Segment Open

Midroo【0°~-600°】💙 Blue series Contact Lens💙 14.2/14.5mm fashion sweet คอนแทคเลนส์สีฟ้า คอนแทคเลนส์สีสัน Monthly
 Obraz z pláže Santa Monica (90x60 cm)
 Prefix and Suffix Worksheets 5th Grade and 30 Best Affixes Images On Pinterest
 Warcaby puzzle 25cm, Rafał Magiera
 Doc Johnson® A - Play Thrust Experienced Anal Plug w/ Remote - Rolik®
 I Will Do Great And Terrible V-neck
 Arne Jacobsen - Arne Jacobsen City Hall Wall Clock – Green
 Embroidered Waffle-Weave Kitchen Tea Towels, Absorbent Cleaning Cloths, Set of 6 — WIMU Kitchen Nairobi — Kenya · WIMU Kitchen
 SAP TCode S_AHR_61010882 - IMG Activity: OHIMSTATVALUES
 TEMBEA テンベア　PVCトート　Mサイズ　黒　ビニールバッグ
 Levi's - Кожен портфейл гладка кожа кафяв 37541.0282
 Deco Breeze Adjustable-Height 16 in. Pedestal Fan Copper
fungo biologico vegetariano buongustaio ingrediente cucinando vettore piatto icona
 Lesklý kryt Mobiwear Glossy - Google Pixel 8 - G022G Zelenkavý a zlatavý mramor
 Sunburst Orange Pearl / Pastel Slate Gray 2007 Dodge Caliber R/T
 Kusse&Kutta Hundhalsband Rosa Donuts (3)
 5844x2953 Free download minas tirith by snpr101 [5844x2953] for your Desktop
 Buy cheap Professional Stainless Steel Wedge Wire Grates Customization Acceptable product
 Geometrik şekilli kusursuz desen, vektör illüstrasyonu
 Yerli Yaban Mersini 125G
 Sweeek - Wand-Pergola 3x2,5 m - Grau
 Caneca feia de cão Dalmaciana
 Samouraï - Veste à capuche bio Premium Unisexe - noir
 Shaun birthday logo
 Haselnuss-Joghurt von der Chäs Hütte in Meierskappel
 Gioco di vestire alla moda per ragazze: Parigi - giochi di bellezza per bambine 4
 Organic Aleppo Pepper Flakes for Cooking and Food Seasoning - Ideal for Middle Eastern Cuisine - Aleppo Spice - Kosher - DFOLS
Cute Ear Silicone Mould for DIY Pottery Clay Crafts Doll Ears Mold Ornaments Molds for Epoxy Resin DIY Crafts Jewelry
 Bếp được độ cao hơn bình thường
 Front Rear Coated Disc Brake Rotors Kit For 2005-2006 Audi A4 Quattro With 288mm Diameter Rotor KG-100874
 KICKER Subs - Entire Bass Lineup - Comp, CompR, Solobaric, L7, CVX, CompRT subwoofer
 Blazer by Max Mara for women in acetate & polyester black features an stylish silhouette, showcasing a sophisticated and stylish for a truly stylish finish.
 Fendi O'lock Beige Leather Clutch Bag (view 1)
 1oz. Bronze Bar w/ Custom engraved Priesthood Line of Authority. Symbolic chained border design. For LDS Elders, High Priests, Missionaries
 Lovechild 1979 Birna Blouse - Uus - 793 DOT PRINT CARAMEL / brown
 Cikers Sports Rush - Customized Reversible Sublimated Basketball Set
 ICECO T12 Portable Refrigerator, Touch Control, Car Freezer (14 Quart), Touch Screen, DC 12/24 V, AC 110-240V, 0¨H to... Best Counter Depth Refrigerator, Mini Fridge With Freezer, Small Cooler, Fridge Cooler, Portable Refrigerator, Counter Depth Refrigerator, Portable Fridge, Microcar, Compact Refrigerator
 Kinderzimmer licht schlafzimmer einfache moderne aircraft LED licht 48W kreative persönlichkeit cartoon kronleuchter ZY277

Segment Closed

# Requirement
Each line carrying the string "With" should be copied out from the entries.

# Answer to this exercise
 Front Rear Coated Disc Brake Rotors Kit For 2005-2006 Audi A4 Quattro With 288mm Diameter Rotor KG-100874
 ICECO T12 Portable Refrigerator, Touch Control, Car Freezer (14 Quart), Touch Screen, DC 12/24 V, AC 110-240V, 0¨H to... Best Counter Depth Refrigerator, Mini Fridge With Freezer, Small Cooler, Fridge Cooler, Portable Refrigerator, Counter Depth Refrigerator, Portable Fridge, Microcar, Compact Refrigerator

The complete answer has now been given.